Take extra extra care when writing down your first specification because there are a lot of YAML to write and people will copy works. If your first K8S job a directory just because you were testing something and forgot to delete the line, soon you will have fifty jobs all mounting that very directory.
Testing can be done with static code analyzers such as this one.
Define sane defaults in your templates and reuse them
Define a normalized set of CPU + RAM requests and limits to avoid throtteling. If you have overcommited a cluster previously you know why this is important. This makes it possible to avoid running out of memory (OOMkill).
Monitor your clusters
To be able to set sane default, you need a baseline. I don’t really care how you do it but monitor your clusters and make sure that you change them to fit your workloads. I generally recommend Datadog for centralized logging and monitoring, but feel free to use the platform native tooling. Just make sure that you actively monitor this and proactively change your defaults to fit your workload profiles.
You not allow anyone to log anything into the pod. When the pod dies the log is gone. You really need some kind of logging framework that takes the log from your pod and saves it. Datadog can be utilized for this as well as platform native tools.
No solution for multi cluster monitoring
Something that needs to be solved in the future is multi cluster monitoring in K8S. I want to be able to without prior knowledge of the clusters and the applications within them solve simple problems such as out of memory issues. It is very hard for cloud operations to handle errors without monitoring like this. I have not seen a good solution so far. Feel free to let me know if you have a solution.
Health probes
Define your health probes so that the applications can be restarted. If the Liveness probe fails, it will restart your pod. The Readiness probe will disconnect your pod from networking traffic if it fails. Think of it as a load balancer healthcheck: if alive, bring it into the loadbalancer, but only send traffic if it is ready.
You of course should monitor the rate of liveness flapping for your services so you notice if the pods are suddenly dying for some reason.
Liveness probe example
pods/probe/tcp-liveness-readiness.yaml
apiVersion: v1
kind: Pod
metadata:
name: goproxy
labels:
app: goproxy
spec:
containers:
- name: goproxy
image: k8s.gcr.io/goproxy:0.1
ports:
- containerPort: 8080
readinessProbe:
tcpSocket:
port: 8080
initialDelaySeconds: 5
periodSeconds: 10
livenessProbe:
tcpSocket:
port: 8080
initialDelaySeconds: 15
periodSeconds: 20
Readiness probe example
readinessProbe:
exec:
command:
- cat
- /tmp/healthy
initialDelaySeconds: 5
periodSeconds: 5
Control access with IAM
Don’t use a service account token for authentication. If it is compromised, lost, or stolen, an attacker may be able to perform all the actions associated with that token until the service account is deleted. If you need to grant an exception for a CI/CD pipeline or similar, try to use the platform specific role based options, such as instance profiles.
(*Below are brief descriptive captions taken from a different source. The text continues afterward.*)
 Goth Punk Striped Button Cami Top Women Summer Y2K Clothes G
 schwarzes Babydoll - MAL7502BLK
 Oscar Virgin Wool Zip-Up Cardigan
Speaking of role based access; make sure to employ least privileged access to your resources and give your roles only the access they need. One might only need access to one cluster. Or maybe none at all if you use CI/CD pipelines and centralized monitoring. Avoid using ["*"] in your roles unless it’s absolutely necessary.
AWS EKS security best practices has much more information
Use private clusters
If you are using public subnets, make sure that your cluster endpoint are private. This is an option in both GKE, AKS and EKS while giving the nodes NAT outbound access to the internet. Instead of having the pods public you can use application layer (7) load balancers, which in turn makes the network overview of your cluster structure much simpler.
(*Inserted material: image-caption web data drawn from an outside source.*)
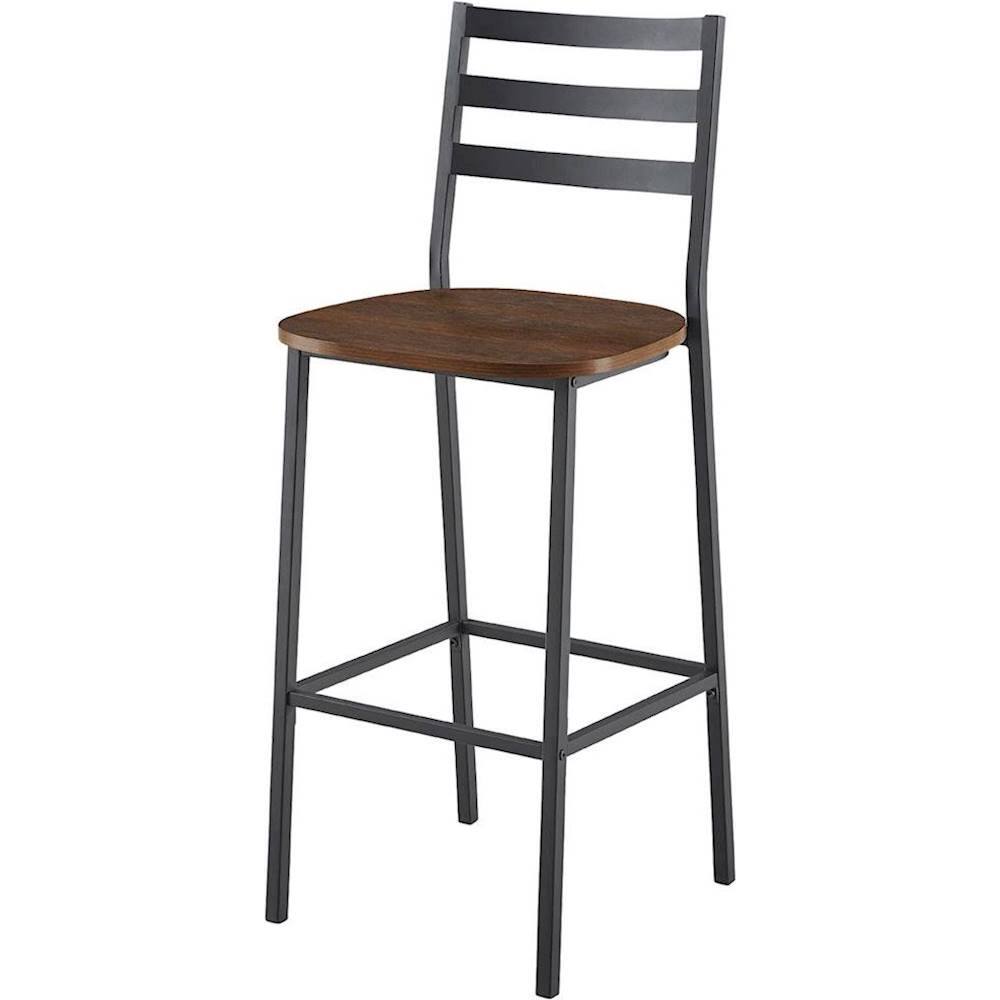 Angle View: Walker Edison - Industrial Faux Leather Barstool (Set of 2) - Gray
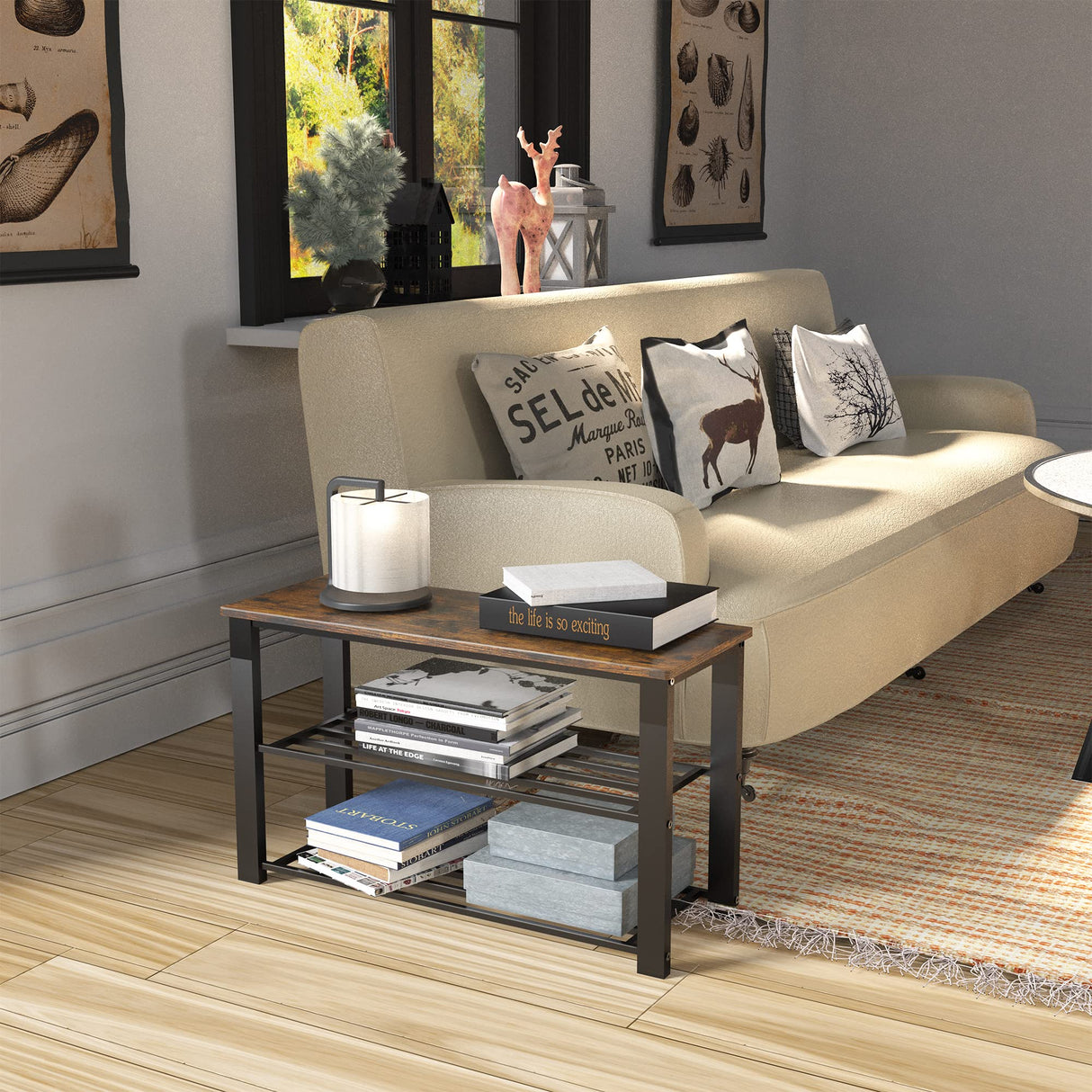 Simple Houseware Wood Top Shoe Storage Bench for Entryway, Rustic Brown Simple Houseware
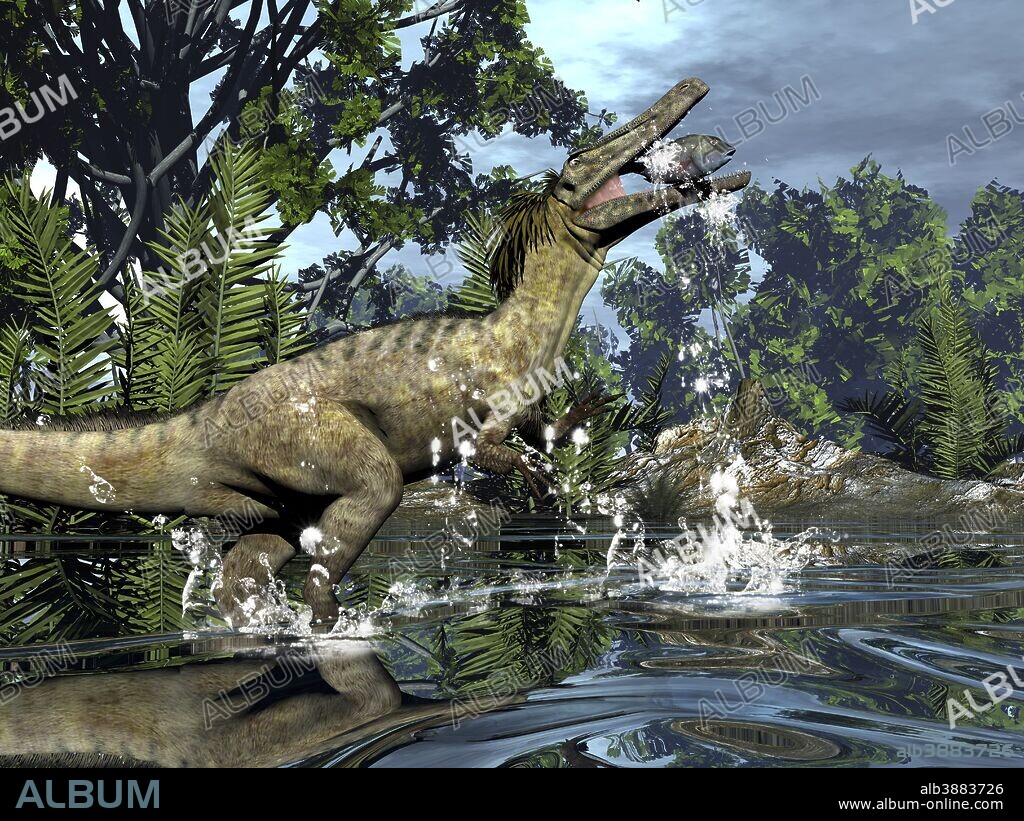 Austroraptor dinosaur fishing in a river next to gingko trees.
Note for DNS to work you will need to manage upstream DNS from the cloud providers. This is usually just adding a custom DNS server to resolve the cluster specific DNS’s for the control panes.
Reject priviledged containers
Containers that run as privileged inherit all of the Linux capabilities assigned to root on the host. They should not really exist if you aren’t doing something very strange.
Create a pod security policy that automatically reject these and restricts the types of volumes that can be mounted and the root supplemental groups that can be added:
apiVersion: policy/v1beta1
kind: PodSecurityPolicy
metadata:
name: restricted
annotations:
seccomp.security.alpha.kubernetes.io/allowedProfileNames: 'docker/default,runtime/default'
apparmor.security.beta.kubernetes.io/allowedProfileNames: 'runtime/default'
seccomp.security.alpha.kubernetes.io/defaultProfileName: 'runtime/default'
apparmor.security.beta.kubernetes.io/defaultProfileName: 'runtime/default'
spec:
privileged: false
# Required to prevent escalations to root.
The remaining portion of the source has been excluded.